In the Champions League final penalty shoot out I looked at Cech in goal at one end and the imposing figure of Manuel Neuer at the other and thanked God I wasn't down for a spot kick. Where on earth would you put the ball? Even if you hit the ball at maximum power and accuracy towards the very bottom right hand corner Neuer is prone to dropping from 6ft 4ins in the air to flat on the ground with his hand outstretched to the post in time to meet it as it arrives and turn it aside.

These giants of men stomp around their penalty areas guarding them like centurions, reaching high above any oncoming striker to claim crosses out of the clouds before even Peter Crouch would be able to show an interest in them. If things go wrong they collapse to the ground and receive a free kick.

Paddy Kenny does none of this; he's like no goalkeeper you'll see in professional football today. He's the Sunday league goalkeeper made good. Paddy Kenny scampers around, surviving seemingly more by luck than judgement on many occasions, producing saves and clearances that can almost always be termed "unorthodox." But it’s not luck if it keeps happening.
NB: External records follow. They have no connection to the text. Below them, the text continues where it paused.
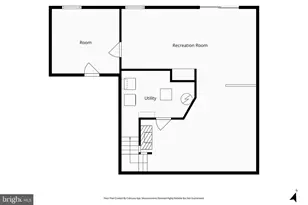 14 Kelly Way, Stafford, VA 22556 - Photo 34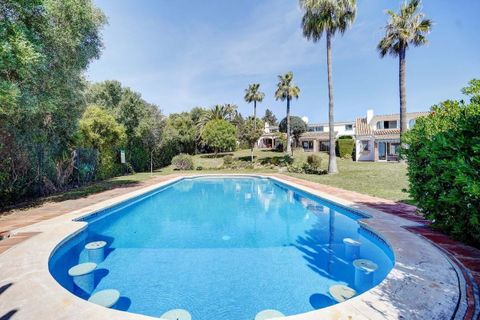 Villa i Mijas Costa, Malaga, Mijas Costa - € 675.000 | Ref: SMSMC0575 - foto 1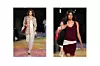 Bottega Veneta kolekcija za proljeće 2023.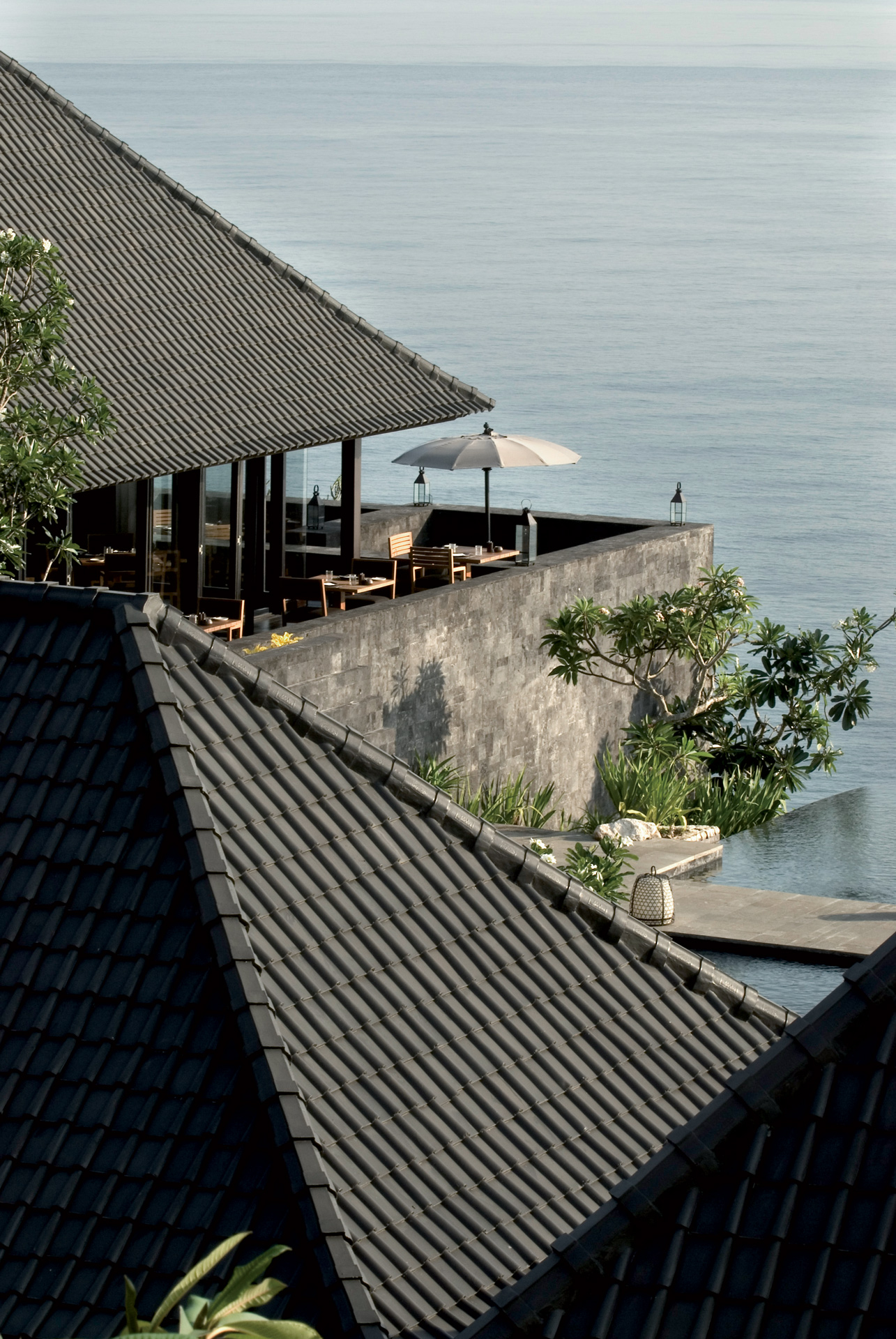 Bulgari Resort Bali - ACPV ARCHITECTS-5
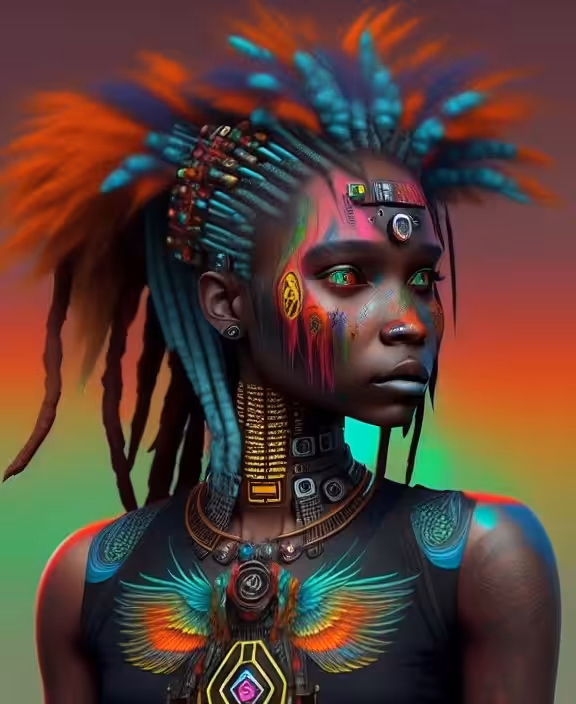Ngwele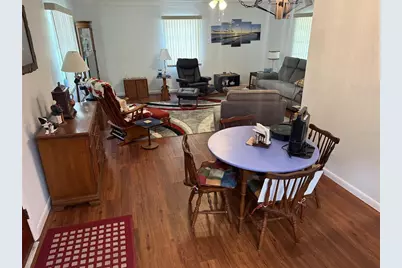 1141 County Road 457, Lake Panasoffkee, FL 33538 - Photo 30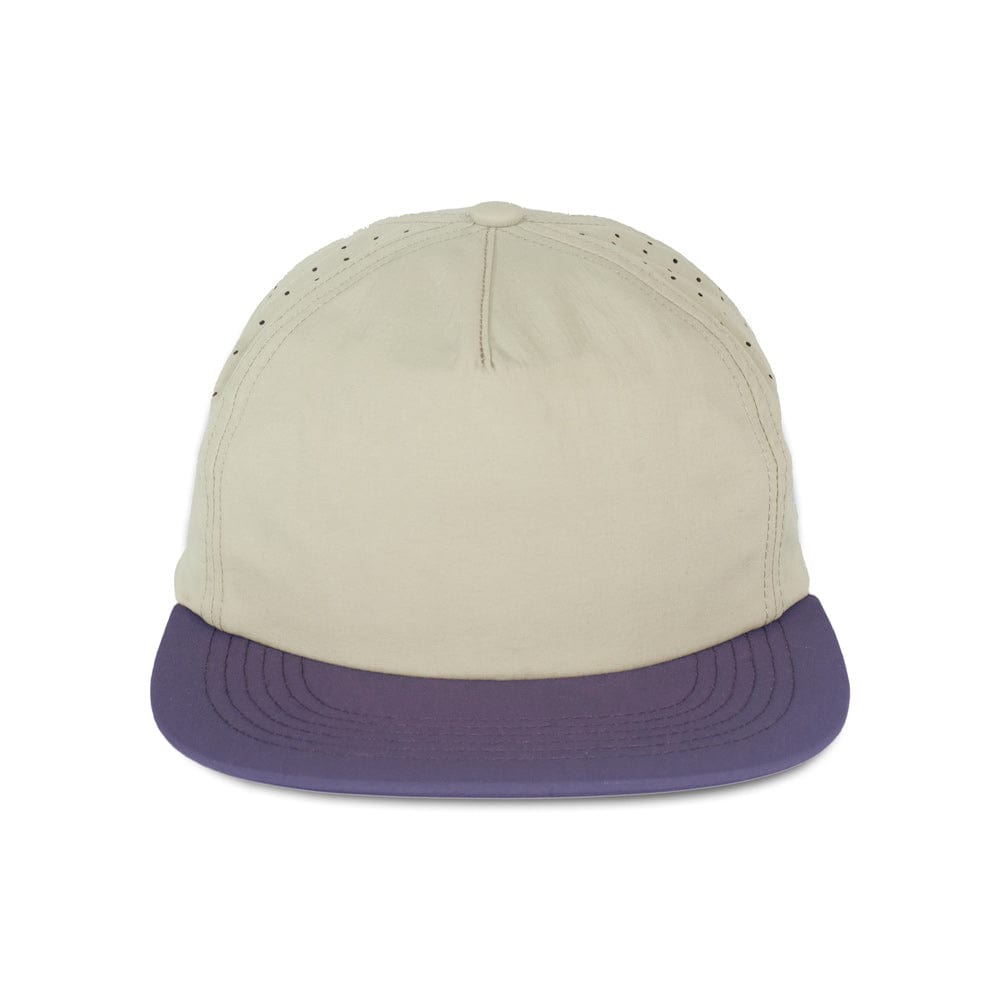 Wild Bills Blanks RIVER | Aloe & Purple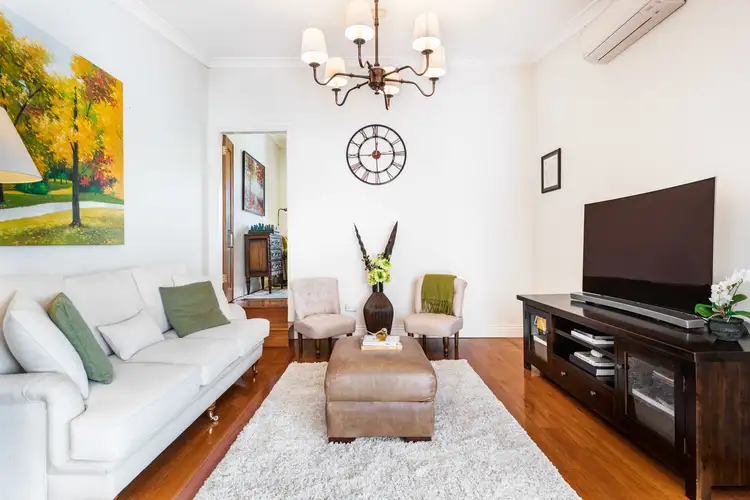 Third view of Homely house listing, 249 Lilyfield Road, Lilyfield NSW 2040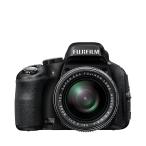 FUJIFILM（フジフイルム）HS50EXR F FX-HS50EXR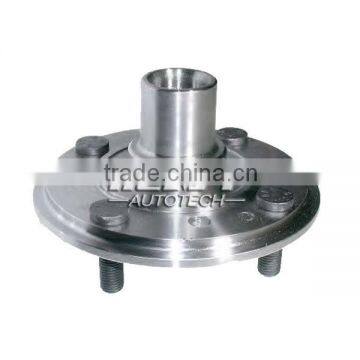 Wheel Hub 51750-29000 for Hyundai Lantra II 1998-2000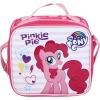 My Lıttle Pony Beslenme Çantası Pınkıe Pıe Özkara Çanta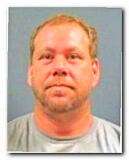 Offender Mark Edward Ussery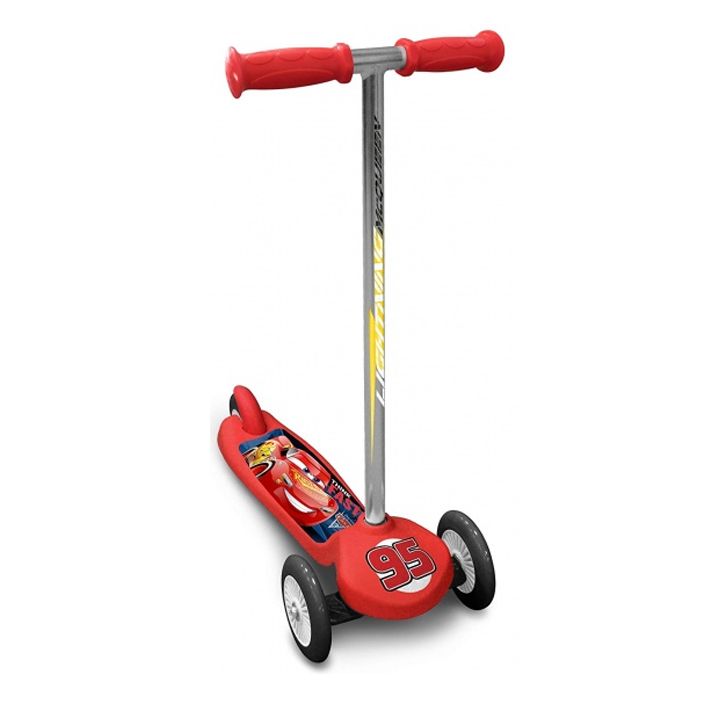 stamp-samborbliani-skuteri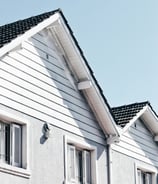 Roof repair Omaha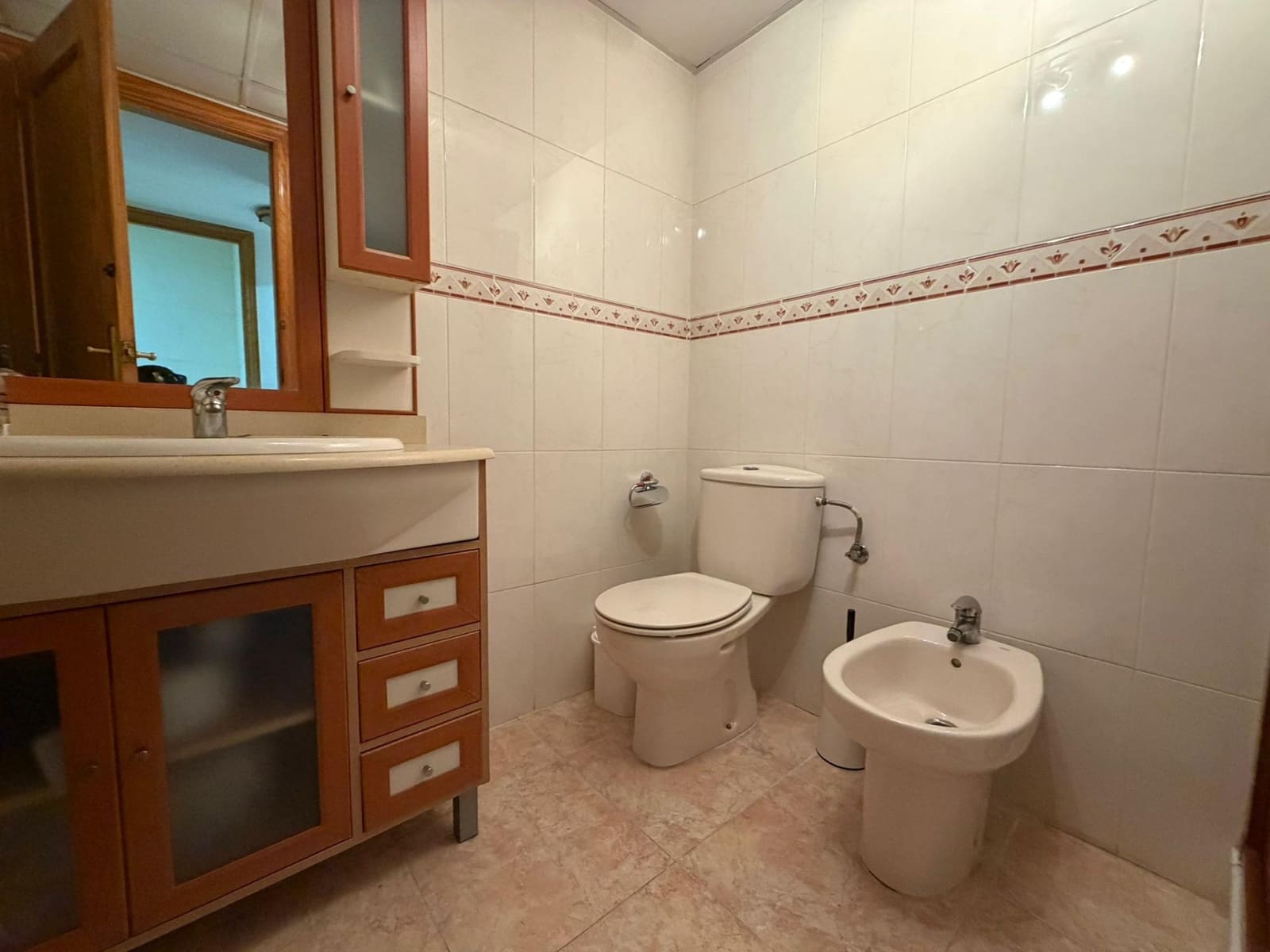 4 sovrum Lägenhet till salu i Aguilas med garage - 199 000 € (Ref: 9892831)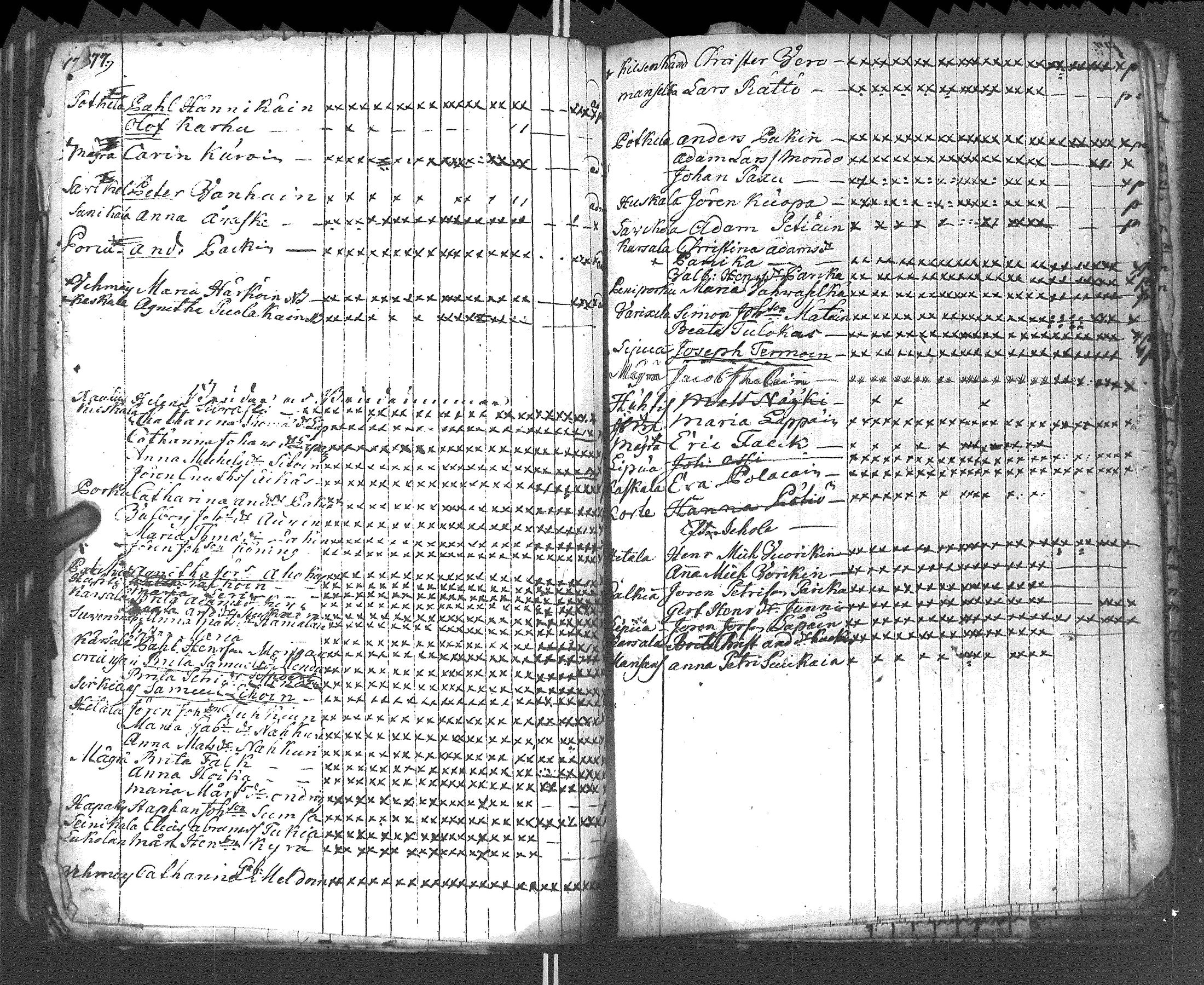 [ kuvat/184.jpg ]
Kenny is somehow wonderfully effective and, because of how he looks and his style of play, grossly underrated by everybody in the sport except those who have played with him, managed him or watched him for any length of time. Ask somebody who doesn't support QPR, Sheffield United or Bury and the first word out of their mouth will be "fat", ask fans of those three clubs and there's a fair chance it will be "fantastic".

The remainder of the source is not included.